I was given a discounted price based on quantity, but either way, the price is about 1/3 of what other sources of similar wire are charging on the internet, and about 1/5th of what the so-called "audiophile" cables cost. And boy, can this carry current!

I spent a little over an hour, stripping, tinning, and installed connector lugs on the ends, and then snaking it through, after ripping out the old cables. And it sounds great. Lots of punchy low end. It's neater than the #10 AWG Romex that I was using to drive two of the woofer cabinets and looks nice too.

So next time you're about to consider some upgraded speaker wiring, save your money and buy functional cable, like the above, and use the savings for a bigger amplifier. :-)







April 14


Recording a group of musicians is an interpretive art form. There are so many ways to mike a band or an orchestra and each method yields a different timbral result.

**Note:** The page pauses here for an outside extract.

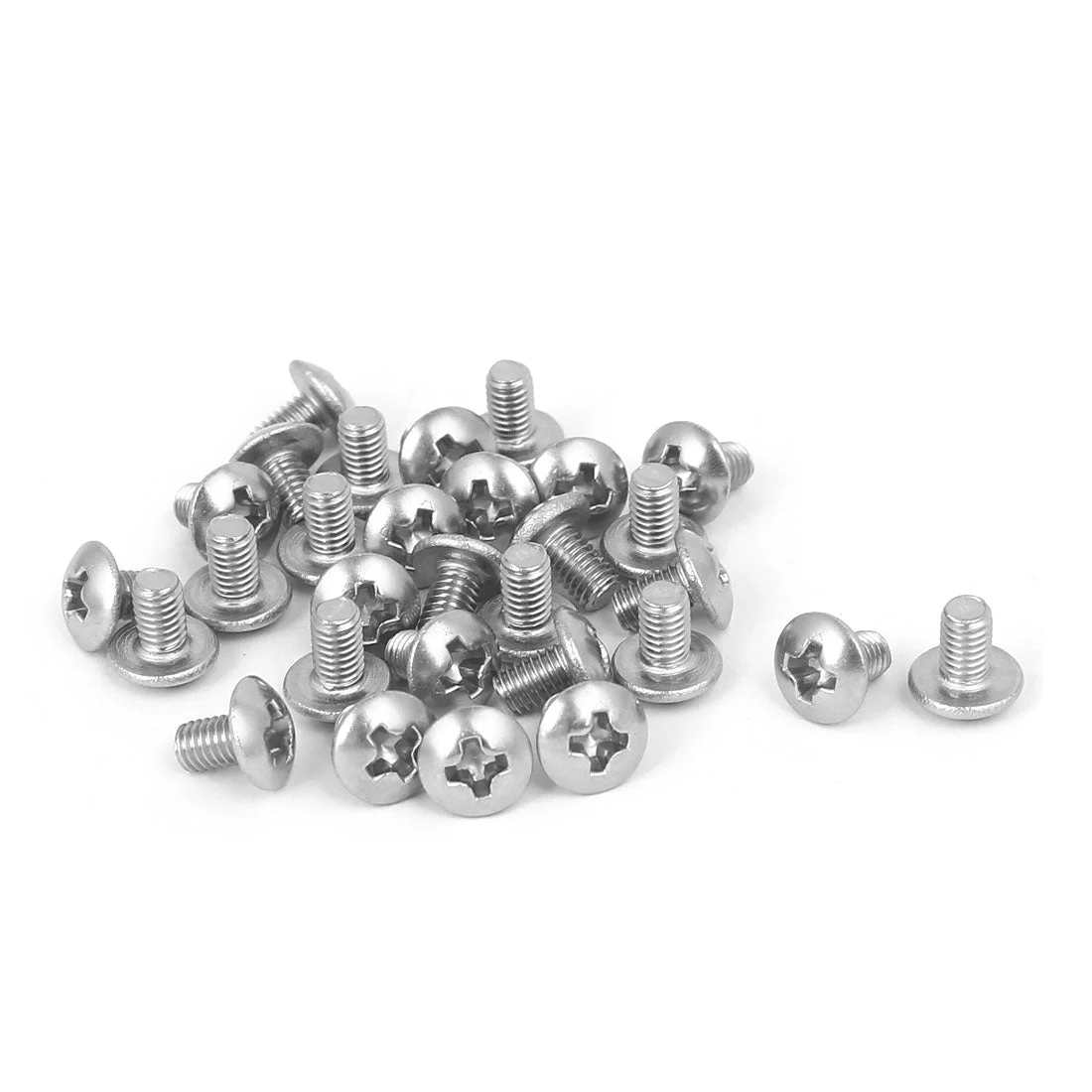 M3 x 5mm 316 Stainless Steel Phillips Head Machine Screw Silver Tone 30pcs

Recording engineers discovered in the late 1960s that if you put a mic inside the kick drum, you get a big thumping rhythm sound that became the trademark sound of pop music to this day.

Movie soundtrack music often employs numerous mics throughout the orchestra--some engineers go crazy and mike every instrument individually.

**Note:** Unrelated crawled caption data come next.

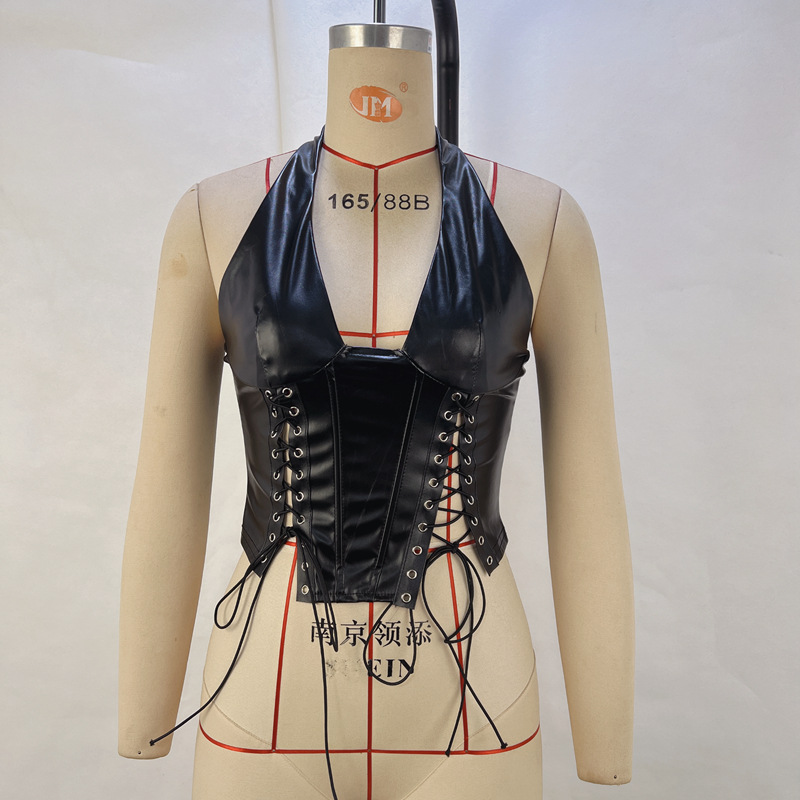Fashionable PU Neck Hanging Sexy Strap Tight Waist Vest - Stylish Women's Vest for Party or Daily Wear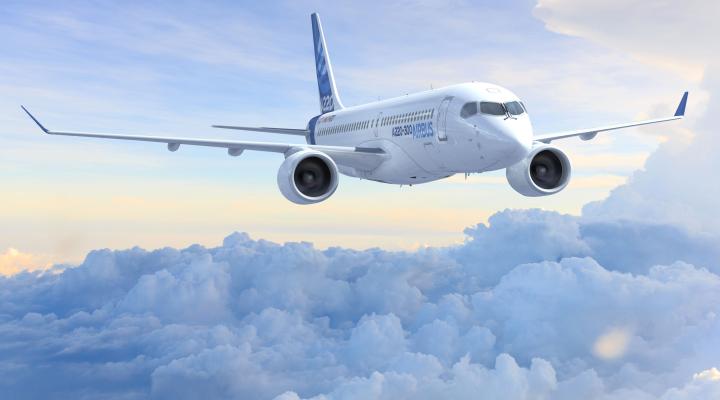 A220 w locie - widok z przodu (fot. Airbus)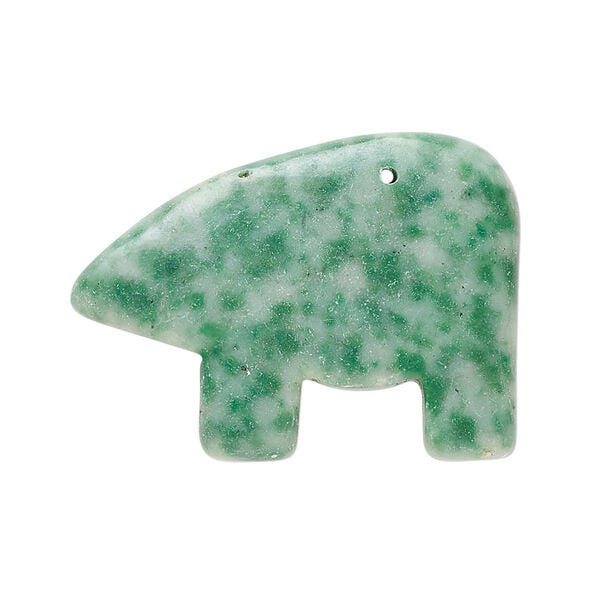 Ching hai "jade" 1pkg1, top-drilled and half-drilled Zuni-style bear focal natural, 28x20mm-33x25mm image number 1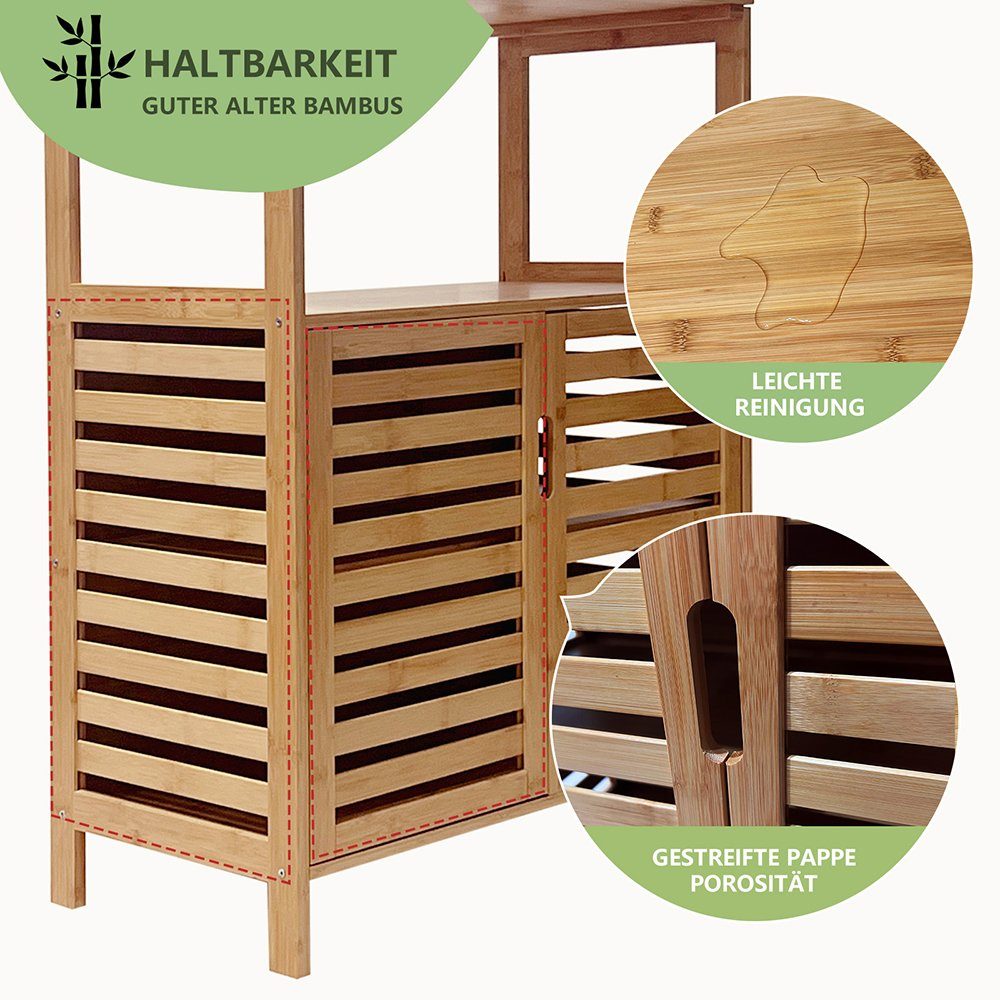 WAOHO Badkommode Badezimmerschrank Bambus, Sideboard Wohnzimmer, Schließfach 65X87X33cm, Abnehmbare Partition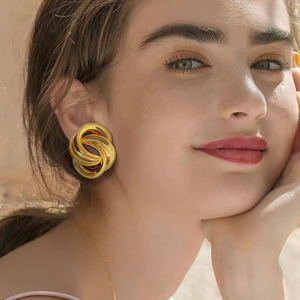 Nuevas Joyas y Accesorios de Estilo Oficina, Pendientes de Clip con Diseño Geométrico Circular y Espiral Calado, para Regalos de Fiesta para Mujeres - Product Image 6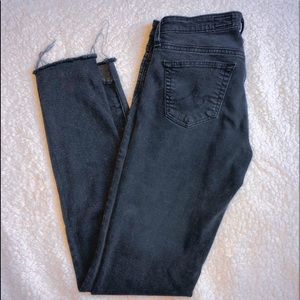 Adriano Goldschmied Black Distressed Ankle Jeans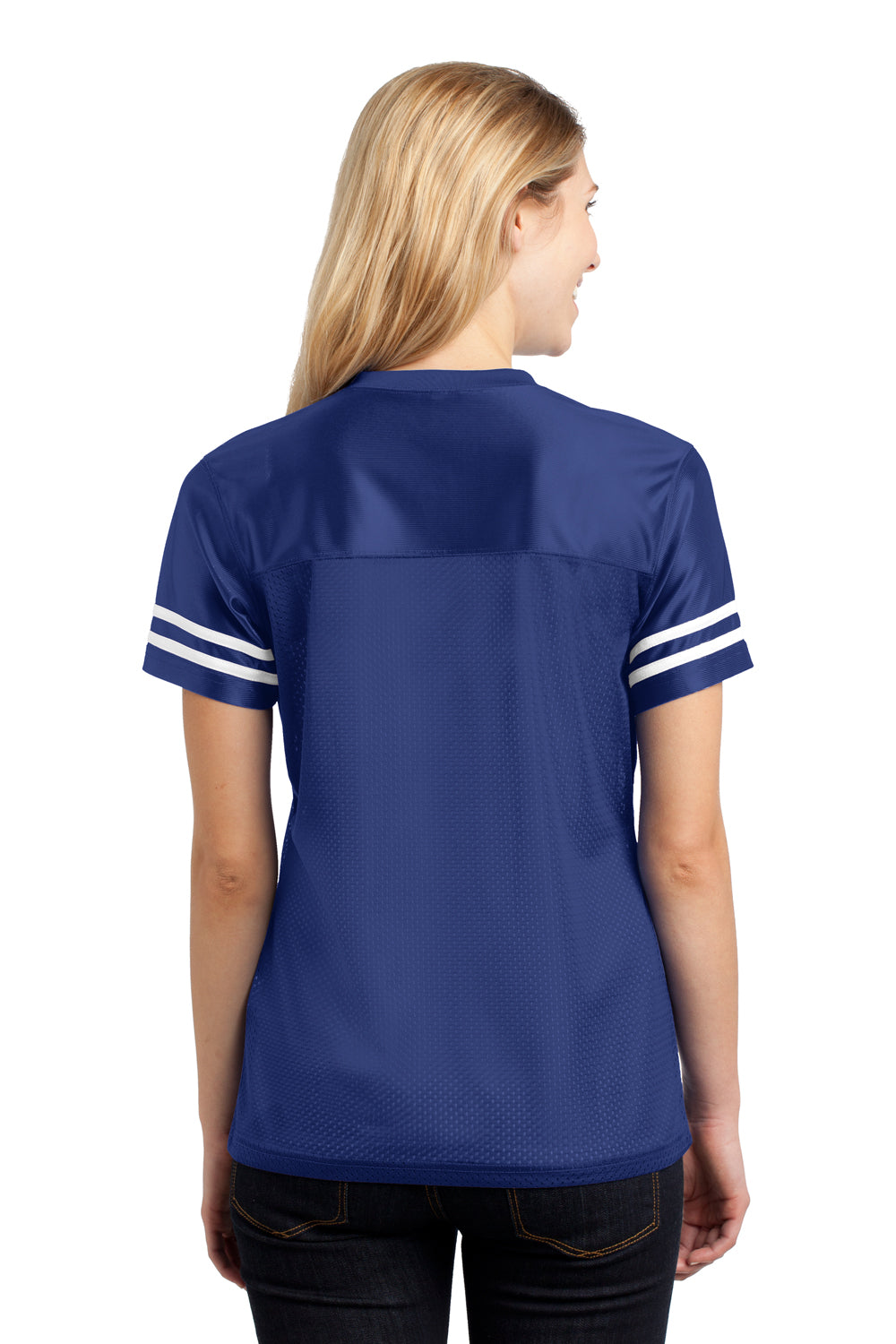 Sport-Tek LST307 Womens Short Sleeve V-Neck T-Shirt Royal Blue Back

All of these techniques are useful in different ways. High fidelity is not always the goal. Sometimes close-miking creates a "painted" sound that accentuates certain nuances not normally heard by the audience. A close miked string section, particularly the double-basses, will produce a bigger, fatter, bass sound, and is often heard in many recordings, especially in the Easy Listening era.

But the audiophile purist--the discriminating listener who does not want his sound chopped up and remixed in a digital Cuisinart--expects the orchestra sound the way it did that evening at the opera, or concert. It is this sound that I think serious concert-goers appreciate best.

Well there are few miking setups that are literally in a position to achieve this. Obviously, if you want to capture the sound of the orchestra from front row center, then that's where you need to put the mics. Some engineers fly the mics above the stage. That sounds fine too, however, it flattens the soundstage, since every instrument is on a plane that is relatively flat, relative to the mic location.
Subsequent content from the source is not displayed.